INSTRUCTIONS FOR THE TASK:
Transcribe exactly the portion of the listing below that runs from the line containing "Offline by aerie green jogger, small" through its last line.

**** INPUT RECORDS ****

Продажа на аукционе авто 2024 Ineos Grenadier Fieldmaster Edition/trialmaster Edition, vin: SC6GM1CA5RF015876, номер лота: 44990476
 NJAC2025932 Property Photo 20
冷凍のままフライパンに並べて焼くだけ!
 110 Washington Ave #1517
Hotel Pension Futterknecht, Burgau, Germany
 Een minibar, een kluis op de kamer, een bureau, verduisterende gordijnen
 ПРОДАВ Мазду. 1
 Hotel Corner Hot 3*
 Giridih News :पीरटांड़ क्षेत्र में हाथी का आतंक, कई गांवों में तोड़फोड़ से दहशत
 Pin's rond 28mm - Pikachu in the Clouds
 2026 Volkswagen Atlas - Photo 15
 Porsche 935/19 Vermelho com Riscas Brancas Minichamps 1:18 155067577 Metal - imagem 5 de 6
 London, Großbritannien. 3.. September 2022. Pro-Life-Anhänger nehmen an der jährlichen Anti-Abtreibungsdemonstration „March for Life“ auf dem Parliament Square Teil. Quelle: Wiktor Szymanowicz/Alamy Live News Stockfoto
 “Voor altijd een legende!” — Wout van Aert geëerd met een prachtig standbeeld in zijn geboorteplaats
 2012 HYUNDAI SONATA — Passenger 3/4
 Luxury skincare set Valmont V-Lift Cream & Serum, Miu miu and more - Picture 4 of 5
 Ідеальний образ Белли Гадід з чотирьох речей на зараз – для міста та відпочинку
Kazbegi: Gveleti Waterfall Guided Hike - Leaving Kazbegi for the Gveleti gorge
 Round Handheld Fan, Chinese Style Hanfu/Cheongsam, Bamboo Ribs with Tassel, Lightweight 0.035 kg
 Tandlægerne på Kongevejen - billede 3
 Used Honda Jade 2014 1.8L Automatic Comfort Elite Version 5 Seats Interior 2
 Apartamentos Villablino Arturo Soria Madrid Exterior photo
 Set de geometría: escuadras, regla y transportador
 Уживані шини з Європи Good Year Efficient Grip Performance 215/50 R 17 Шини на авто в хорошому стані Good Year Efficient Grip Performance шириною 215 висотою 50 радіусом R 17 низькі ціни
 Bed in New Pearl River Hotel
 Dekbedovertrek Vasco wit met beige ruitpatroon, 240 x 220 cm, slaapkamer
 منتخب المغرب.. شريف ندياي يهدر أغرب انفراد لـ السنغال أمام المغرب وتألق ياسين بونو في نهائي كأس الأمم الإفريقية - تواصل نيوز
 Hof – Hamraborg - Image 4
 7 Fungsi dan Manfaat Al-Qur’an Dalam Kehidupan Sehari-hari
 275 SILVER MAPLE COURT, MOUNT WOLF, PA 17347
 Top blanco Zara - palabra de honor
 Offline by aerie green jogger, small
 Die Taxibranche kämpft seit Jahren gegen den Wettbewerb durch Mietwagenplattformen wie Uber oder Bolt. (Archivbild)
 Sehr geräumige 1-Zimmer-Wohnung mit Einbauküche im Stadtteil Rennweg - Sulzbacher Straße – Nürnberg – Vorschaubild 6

****

OUTPUT:
 Offline by aerie green jogger, small
 Die Taxibranche kämpft seit Jahren gegen den Wettbewerb durch Mietwagenplattformen wie Uber oder Bolt. (Archivbild)
 Sehr geräumige 1-Zimmer-Wohnung mit Einbauküche im Stadtteil Rennweg - Sulzbacher Straße – Nürnberg – Vorschaubild 6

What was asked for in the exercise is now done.